ACTIVITY: Return each line exactly, from the one that has "Morskie przygody. Czytamy" through the end of the entries, both ends included. Pictures do not belong.

○ ○ ○

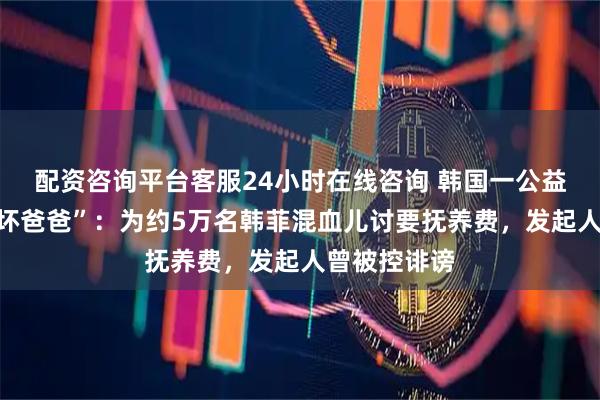 配资咨询平台客服24小时在线咨询 韩国一公益组织曝光“坏爸爸”：为约5万名韩菲混血儿讨要抚养费，发起人曾被控诽谤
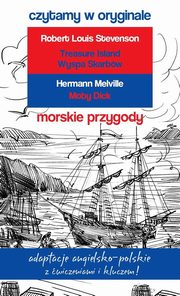 Morskie przygody. Czytamy w oryginale wielkie powieci, Stevenson Robert Louis, Melville Hermann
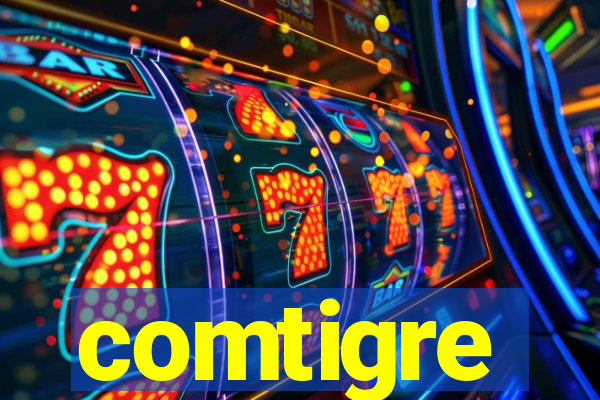 comtigre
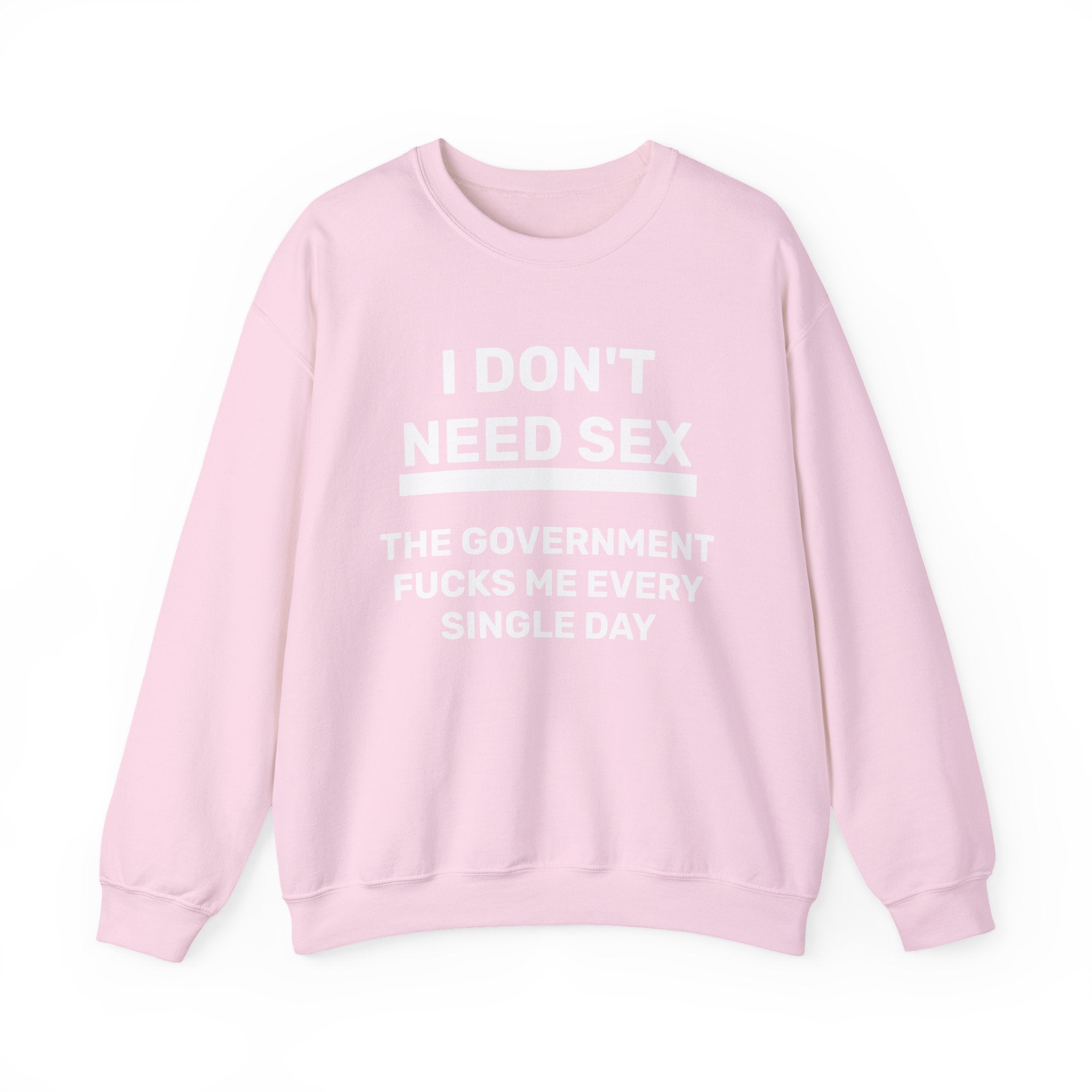 Sweatshirt - I DON'T NEED SEX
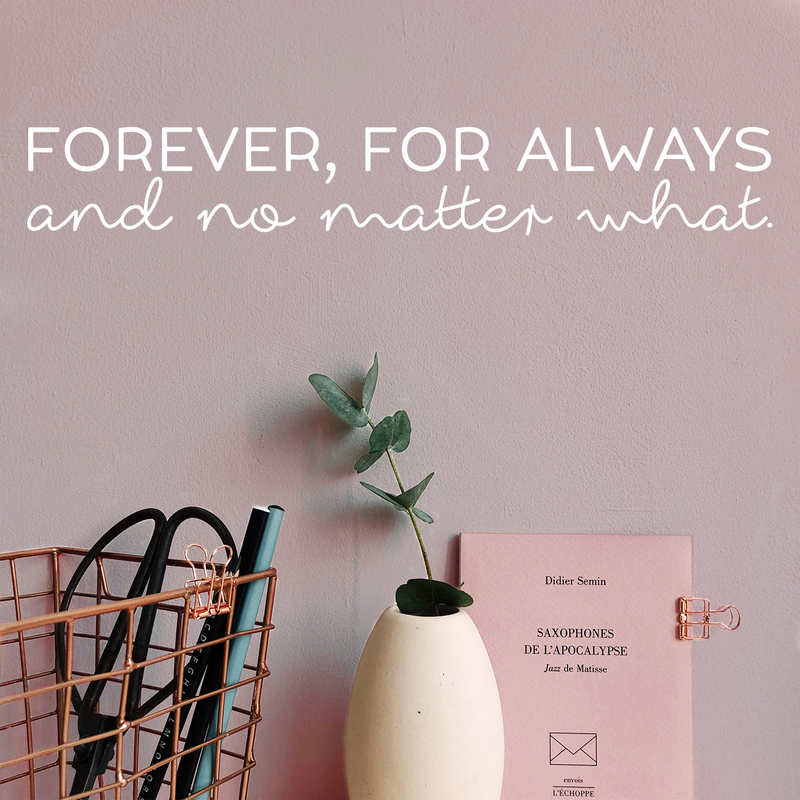 Vinyl Wall Art Decal - Forever; For Always And No Matter What - 3.2" x 22" - Cute Inspirational Lovely Quote Sticker For Couples & Family Bedroom Closet Bathroom Living Room Coffee Shop Decor 2
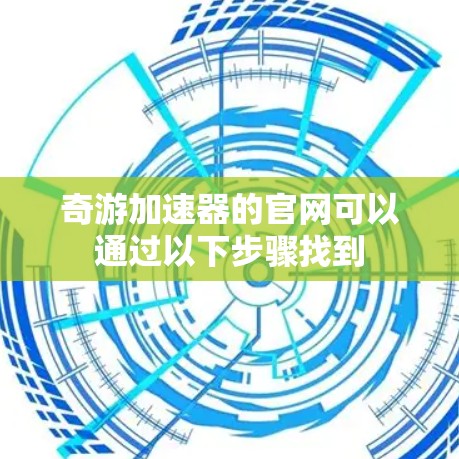 奇游加速器的官网可以通过以下步骤找到 奇游加速器的官网可以通过以下步骤找到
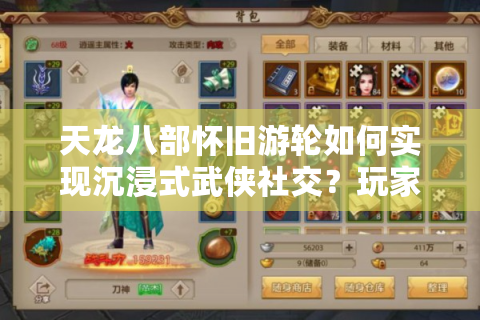天龙八部怀旧游轮如何实现沉浸式武侠社交？玩家真实测评揭晓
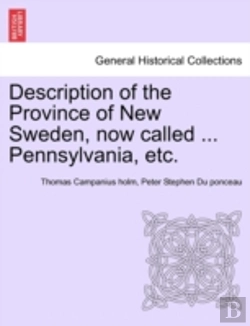 Bertrand.pt - Description Of The Province Of New Sweden, Now Called ... Pennsylvania, Etc.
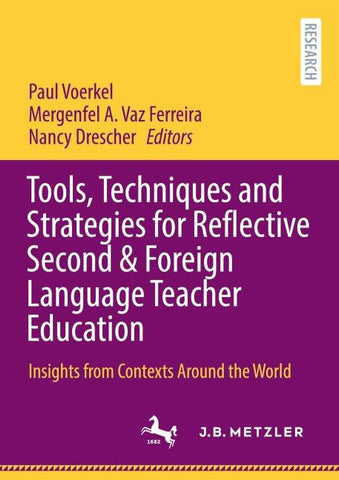 Tools, Techniques and Strategies for Reflective Second & Foreign Language Teacher Education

○ ○ ○

WRITTEN SOLUTION:
 Morskie przygody. Czytamy w oryginale wielkie powieci, Stevenson Robert Louis, Melville Hermann
 comtigre
 Sweatshirt - I DON'T NEED SEX
 Vinyl Wall Art Decal - Forever; For Always And No Matter What - 3.2" x 22" - Cute Inspirational Lovely Quote Sticker For Couples & Family Bedroom Closet Bathroom Living Room Coffee Shop Decor 2
 奇游加速器的官网可以通过以下步骤找到 奇游加速器的官网可以通过以下步骤找到
天龙八部怀旧游轮如何实现沉浸式武侠社交？玩家真实测评揭晓
 Bertrand.pt - Description Of The Province Of New Sweden, Now Called ... Pennsylvania, Etc.
 Tools, Techniques and Strategies for Reflective Second & Foreign Language Teacher Education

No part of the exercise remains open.